Problem to solve> Down to the final character, output the records below as they stand.

Data for processing>
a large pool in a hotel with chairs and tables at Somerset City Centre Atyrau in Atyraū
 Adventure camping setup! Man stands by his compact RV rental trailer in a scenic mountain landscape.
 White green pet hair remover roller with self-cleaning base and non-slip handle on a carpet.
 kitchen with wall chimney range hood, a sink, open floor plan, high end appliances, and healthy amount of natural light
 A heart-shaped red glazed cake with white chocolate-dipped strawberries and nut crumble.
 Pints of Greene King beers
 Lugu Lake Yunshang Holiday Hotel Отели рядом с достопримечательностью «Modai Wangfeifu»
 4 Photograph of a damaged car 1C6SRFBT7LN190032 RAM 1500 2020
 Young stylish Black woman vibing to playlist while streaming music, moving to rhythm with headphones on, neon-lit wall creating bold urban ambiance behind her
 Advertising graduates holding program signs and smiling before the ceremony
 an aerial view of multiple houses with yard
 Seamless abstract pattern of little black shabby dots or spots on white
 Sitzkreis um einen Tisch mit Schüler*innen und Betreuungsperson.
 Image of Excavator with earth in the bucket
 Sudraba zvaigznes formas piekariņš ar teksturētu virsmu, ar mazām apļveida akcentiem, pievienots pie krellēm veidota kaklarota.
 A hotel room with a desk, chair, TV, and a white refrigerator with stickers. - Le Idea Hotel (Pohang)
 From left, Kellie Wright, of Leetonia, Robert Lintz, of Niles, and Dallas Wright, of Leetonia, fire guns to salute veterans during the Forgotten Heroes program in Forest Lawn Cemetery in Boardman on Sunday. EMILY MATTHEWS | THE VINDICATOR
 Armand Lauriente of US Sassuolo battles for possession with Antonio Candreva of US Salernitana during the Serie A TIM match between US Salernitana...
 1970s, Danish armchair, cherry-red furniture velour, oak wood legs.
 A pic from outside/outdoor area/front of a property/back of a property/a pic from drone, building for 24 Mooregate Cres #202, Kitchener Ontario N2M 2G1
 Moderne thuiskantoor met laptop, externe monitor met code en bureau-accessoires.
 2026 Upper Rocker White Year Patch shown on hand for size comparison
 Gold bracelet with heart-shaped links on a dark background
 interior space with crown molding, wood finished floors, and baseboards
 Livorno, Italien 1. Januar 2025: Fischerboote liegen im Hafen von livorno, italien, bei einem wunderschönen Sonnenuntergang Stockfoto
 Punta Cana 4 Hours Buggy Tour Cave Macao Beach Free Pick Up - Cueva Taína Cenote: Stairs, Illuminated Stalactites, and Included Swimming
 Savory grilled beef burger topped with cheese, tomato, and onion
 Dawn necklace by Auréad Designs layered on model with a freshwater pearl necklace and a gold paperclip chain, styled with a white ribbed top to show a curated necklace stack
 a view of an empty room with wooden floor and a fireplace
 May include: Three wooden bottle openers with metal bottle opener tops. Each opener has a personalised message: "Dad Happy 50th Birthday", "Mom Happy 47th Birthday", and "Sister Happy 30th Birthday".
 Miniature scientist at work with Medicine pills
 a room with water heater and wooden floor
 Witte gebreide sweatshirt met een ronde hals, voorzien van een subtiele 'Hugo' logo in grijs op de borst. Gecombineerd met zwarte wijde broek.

Exercise answer>
a large pool in a hotel with chairs and tables at Somerset City Centre Atyrau in Atyraū
 Adventure camping setup! Man stands by his compact RV rental trailer in a scenic mountain landscape.
 White green pet hair remover roller with self-cleaning base and non-slip handle on a carpet.
 kitchen with wall chimney range hood, a sink, open floor plan, high end appliances, and healthy amount of natural light
 A heart-shaped red glazed cake with white chocolate-dipped strawberries and nut crumble.
 Pints of Greene King beers
 Lugu Lake Yunshang Holiday Hotel Отели рядом с достопримечательностью «Modai Wangfeifu»
 4 Photograph of a damaged car 1C6SRFBT7LN190032 RAM 1500 2020
 Young stylish Black woman vibing to playlist while streaming music, moving to rhythm with headphones on, neon-lit wall creating bold urban ambiance behind her
 Advertising graduates holding program signs and smiling before the ceremony
 an aerial view of multiple houses with yard
 Seamless abstract pattern of little black shabby dots or spots on white
 Sitzkreis um einen Tisch mit Schüler*innen und Betreuungsperson.
 Image of Excavator with earth in the bucket
 Sudraba zvaigznes formas piekariņš ar teksturētu virsmu, ar mazām apļveida akcentiem, pievienots pie krellēm veidota kaklarota.
 A hotel room with a desk, chair, TV, and a white refrigerator with stickers. - Le Idea Hotel (Pohang)
 From left, Kellie Wright, of Leetonia, Robert Lintz, of Niles, and Dallas Wright, of Leetonia, fire guns to salute veterans during the Forgotten Heroes program in Forest Lawn Cemetery in Boardman on Sunday. EMILY MATTHEWS | THE VINDICATOR
 Armand Lauriente of US Sassuolo battles for possession with Antonio Candreva of US Salernitana during the Serie A TIM match between US Salernitana...
 1970s, Danish armchair, cherry-red furniture velour, oak wood legs.
 A pic from outside/outdoor area/front of a property/back of a property/a pic from drone, building for 24 Mooregate Cres #202, Kitchener Ontario N2M 2G1
 Moderne thuiskantoor met laptop, externe monitor met code en bureau-accessoires.
 2026 Upper Rocker White Year Patch shown on hand for size comparison
 Gold bracelet with heart-shaped links on a dark background
 interior space with crown molding, wood finished floors, and baseboards
 Livorno, Italien 1. Januar 2025: Fischerboote liegen im Hafen von livorno, italien, bei einem wunderschönen Sonnenuntergang Stockfoto
 Punta Cana 4 Hours Buggy Tour Cave Macao Beach Free Pick Up - Cueva Taína Cenote: Stairs, Illuminated Stalactites, and Included Swimming
 Savory grilled beef burger topped with cheese, tomato, and onion
 Dawn necklace by Auréad Designs layered on model with a freshwater pearl necklace and a gold paperclip chain, styled with a white ribbed top to show a curated necklace stack
 a view of an empty room with wooden floor and a fireplace
 May include: Three wooden bottle openers with metal bottle opener tops. Each opener has a personalised message: "Dad Happy 50th Birthday", "Mom Happy 47th Birthday", and "Sister Happy 30th Birthday".
 Miniature scientist at work with Medicine pills
 a room with water heater and wooden floor
 Witte gebreide sweatshirt met een ronde hals, voorzien van een subtiele 'Hugo' logo in grijs op de borst. Gecombineerd met zwarte wijde broek.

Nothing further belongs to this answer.